Nietzsche, Also sprach Zarathustra; the Will-to-Power, but in Romantic disguise.
Ibsen, “Rosmersholm”. Nietzsche, Jenseits von Gut und Böse.
1887-1888. Strindberg, “Fadren” and “Froken Julie”.
From 1890 the conclusion of the epoch approaches. The religious works of Strindberg and the symbolical of Ibsen.
- Ibsen, “John Gabriel Borkman”: Nietzsche’s Übermensch. 1898. Strindberg, “Till Damascus”.
From 1900 the last phenomena.
Weininger, Geschlecht und Charakter; the only serious attempt to revive Kant within this epoch, by referring him to Wagner and Ibsen.
Shaw, “Man and Superman”; final synthesis of Darwin and Nietzsche.
Shaw, “Major Barbara”; the type of the Superman referred back to its economic origins.

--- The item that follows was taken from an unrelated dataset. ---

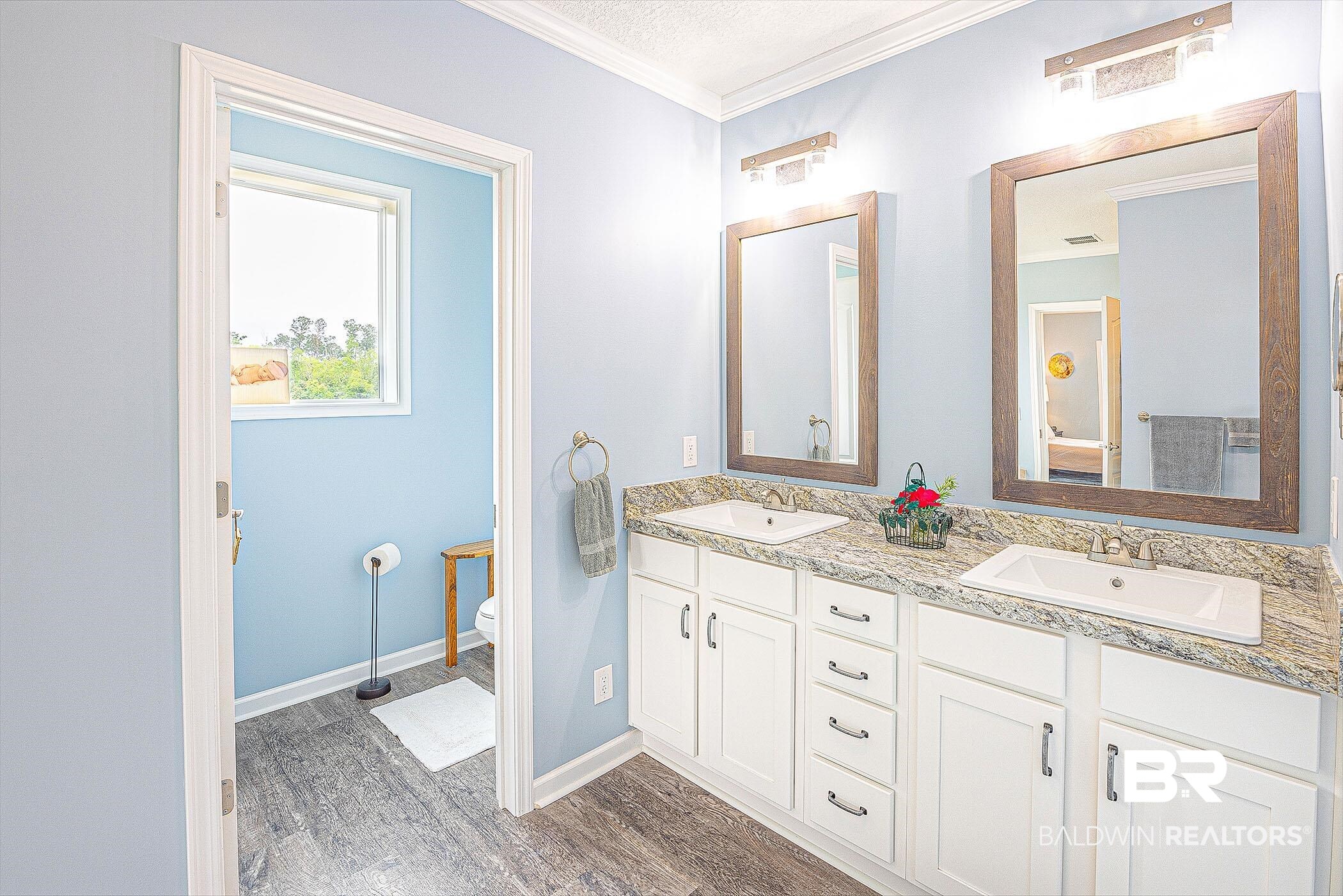 16000 John Bauer Road Summerdale, AL 36580 - Photo 21 of 34 Full bathroom with double vanity, ornamental molding, a sink, and wood finished floors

With this, the ethical period exhausts itself as the metaphysical had done. Ethical Socialism, prepared by Fichte, Hegel, and Humboldt, was at its zenith of passionate greatness about the middle of the 19th Century, and at the end thereof it had reached the stage of repetitions. The 20th Century, while keeping the word Socialism, has replaced an ethical philosophy that only Epigoni suppose to be capable of further development, by a praxis of economic everyday questions. The ethical disposition of the West will remain “socialistic” but its theory has ceased to be a problem. And there remains the possibility of a third and last stage of Western philosophy, that of a physiognomic scepticism. The secret of the world appears successively as a knowledge problem, a valuation problem and a form problem. Kant saw Ethics as an object of knowledge, the 19th Century saw it as an object of valuation. The Sceptic would deal with both simply as the historical expression of a Culture.